***** Records for processing
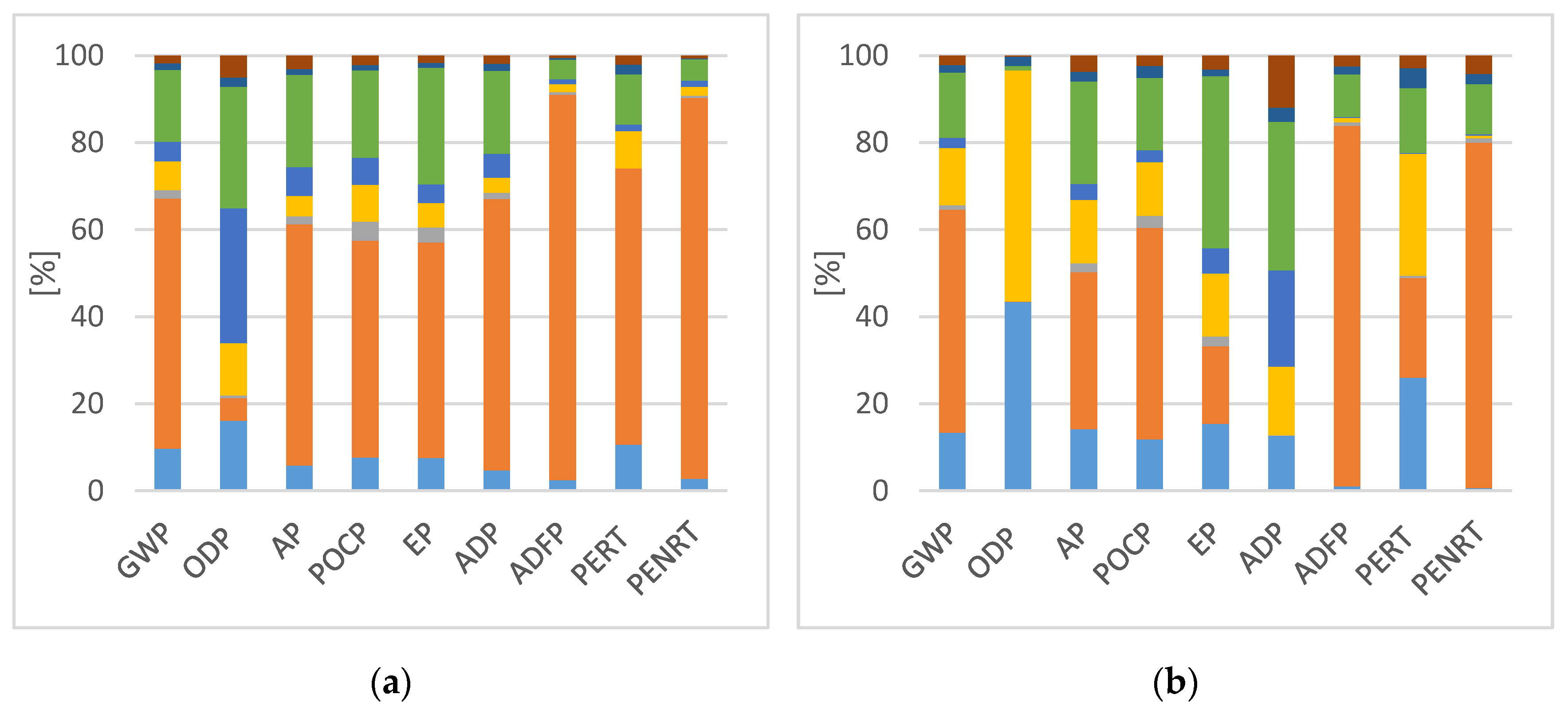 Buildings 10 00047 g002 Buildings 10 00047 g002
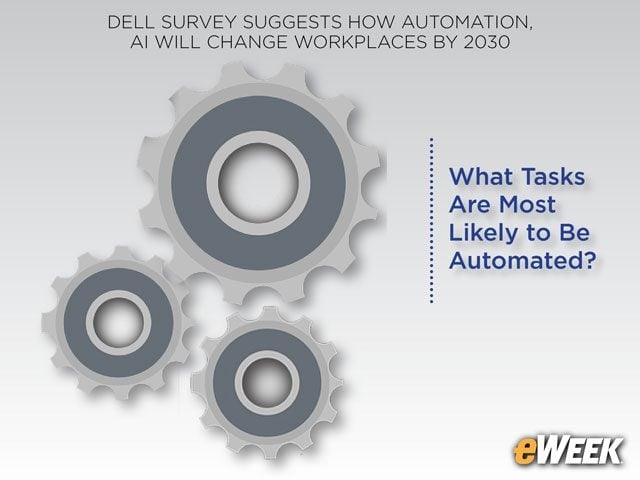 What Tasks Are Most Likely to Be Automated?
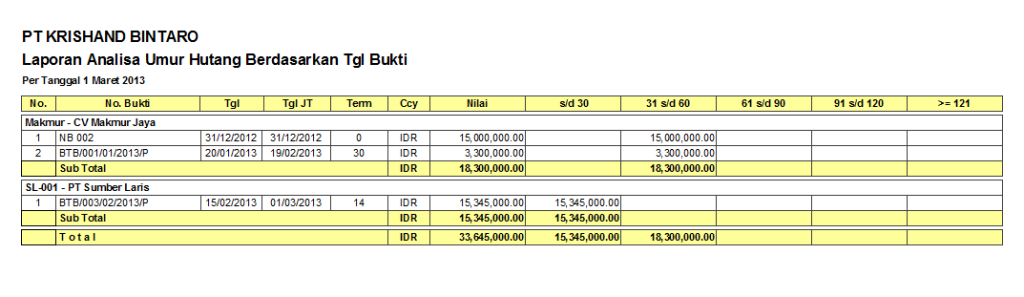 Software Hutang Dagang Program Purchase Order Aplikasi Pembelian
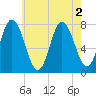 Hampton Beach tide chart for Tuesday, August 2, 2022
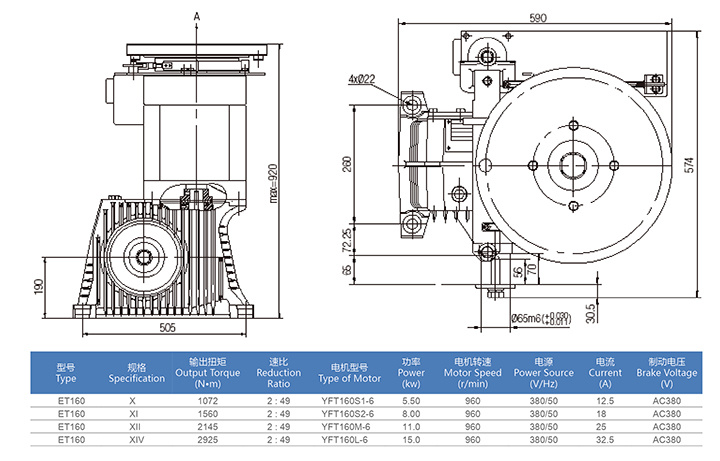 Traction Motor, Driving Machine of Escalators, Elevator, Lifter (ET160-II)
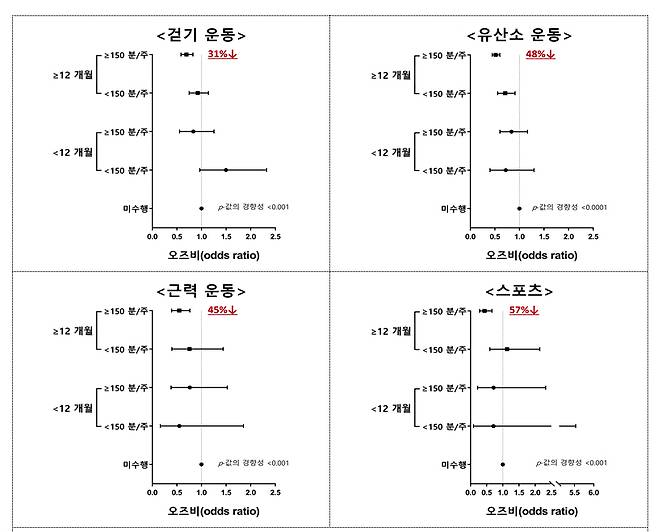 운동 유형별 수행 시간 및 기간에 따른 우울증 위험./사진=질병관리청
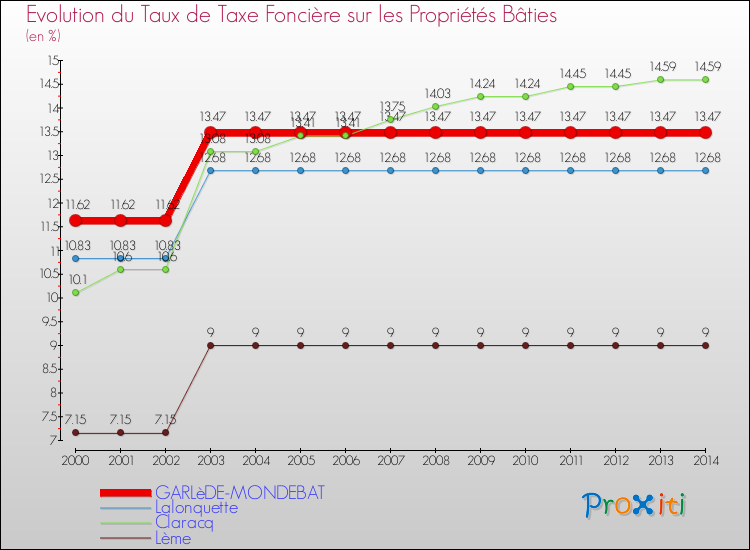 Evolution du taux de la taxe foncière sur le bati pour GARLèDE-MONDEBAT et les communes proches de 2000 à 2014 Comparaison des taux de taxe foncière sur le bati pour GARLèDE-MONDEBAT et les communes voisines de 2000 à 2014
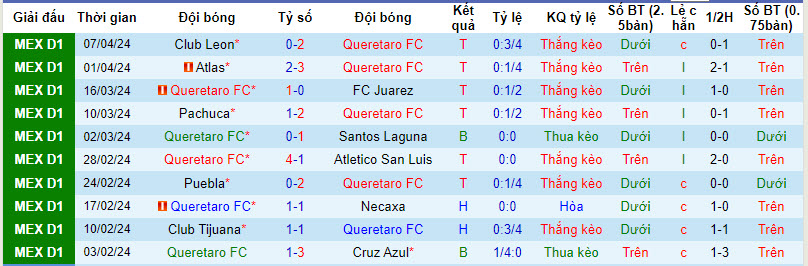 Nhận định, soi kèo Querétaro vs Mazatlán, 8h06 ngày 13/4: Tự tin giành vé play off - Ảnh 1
**********
***** Records for processing
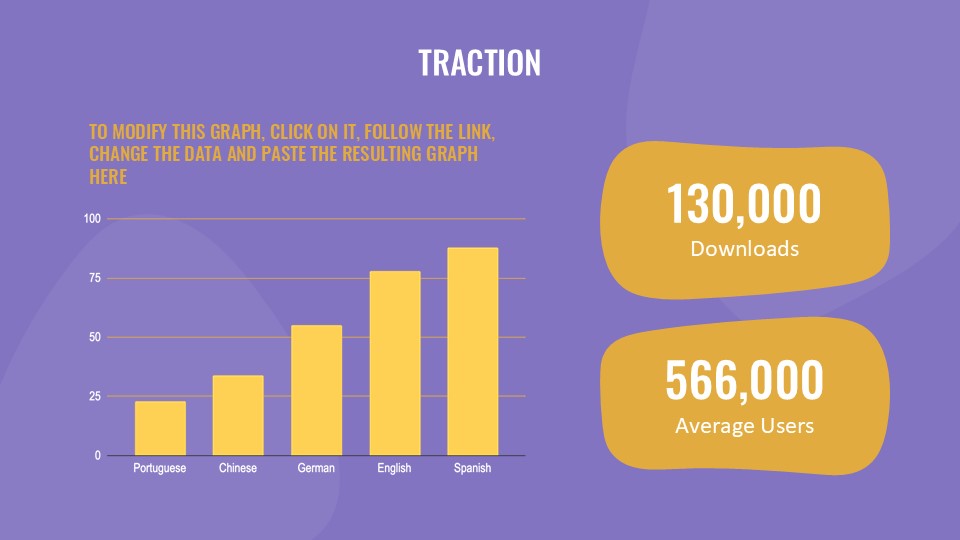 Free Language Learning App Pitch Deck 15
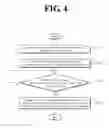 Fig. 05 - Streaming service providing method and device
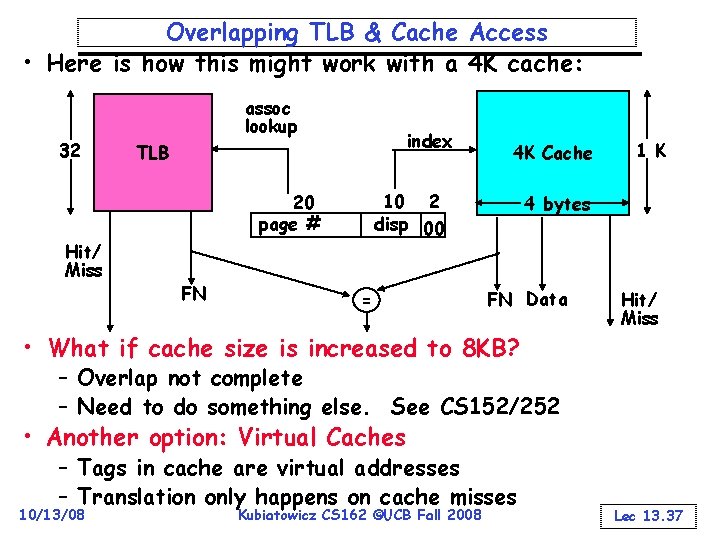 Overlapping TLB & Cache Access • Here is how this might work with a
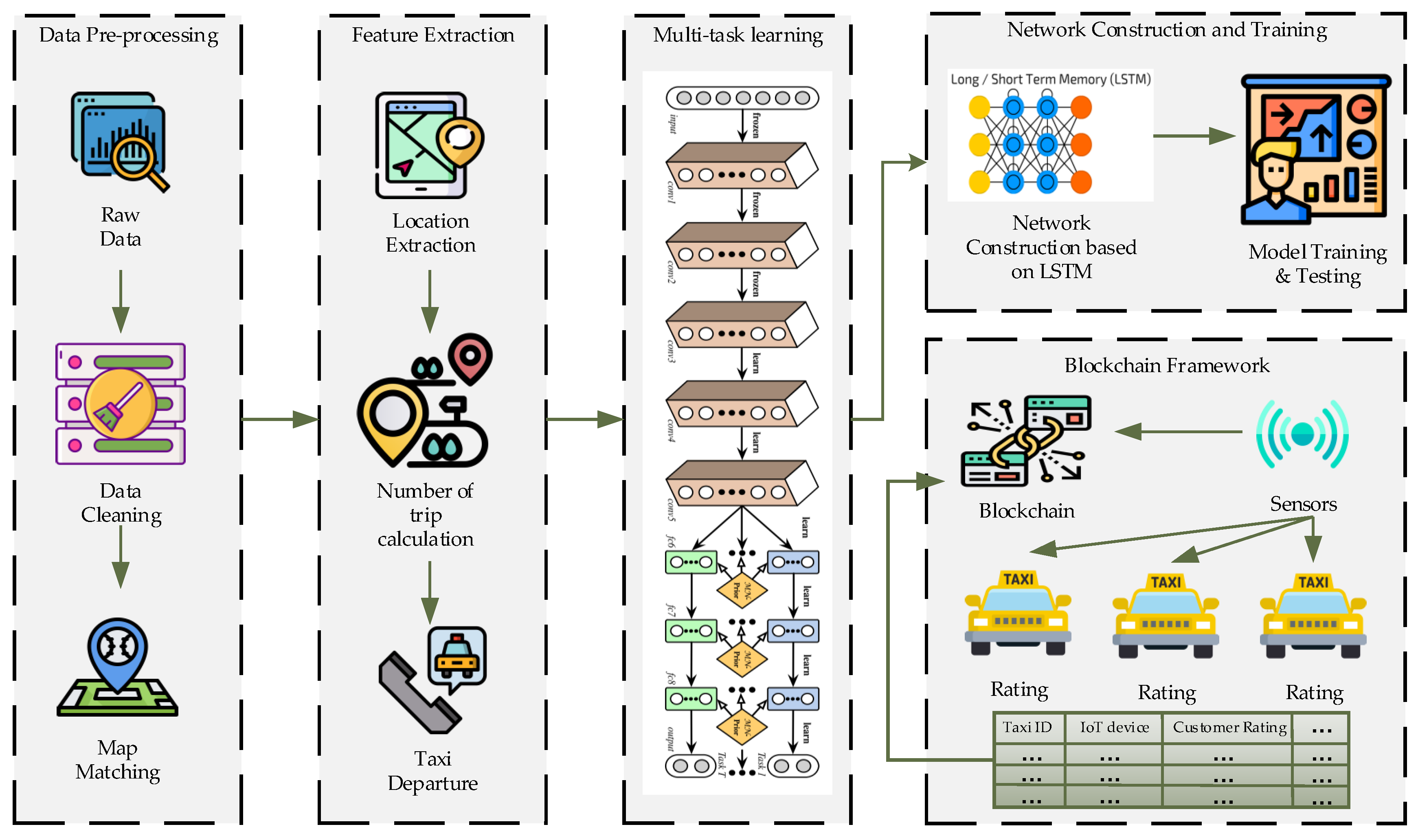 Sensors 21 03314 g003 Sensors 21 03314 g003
**********
***** Records for processing
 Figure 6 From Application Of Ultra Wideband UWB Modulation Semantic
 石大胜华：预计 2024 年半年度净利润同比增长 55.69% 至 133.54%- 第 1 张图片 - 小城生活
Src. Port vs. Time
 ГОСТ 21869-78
**********
▸ Exercise prompt:
Reproduce the data above exactly, but only from the line containing "Fig. 05 - Streaming" through the line containing "Sensors 21 03314 g003 Sensors 21 03314 g003"; skip the pictures.

▸ Response to the task:
 Fig. 05 - Streaming service providing method and device
 Overlapping TLB & Cache Access • Here is how this might work with a
 Sensors 21 03314 g003 Sensors 21 03314 g003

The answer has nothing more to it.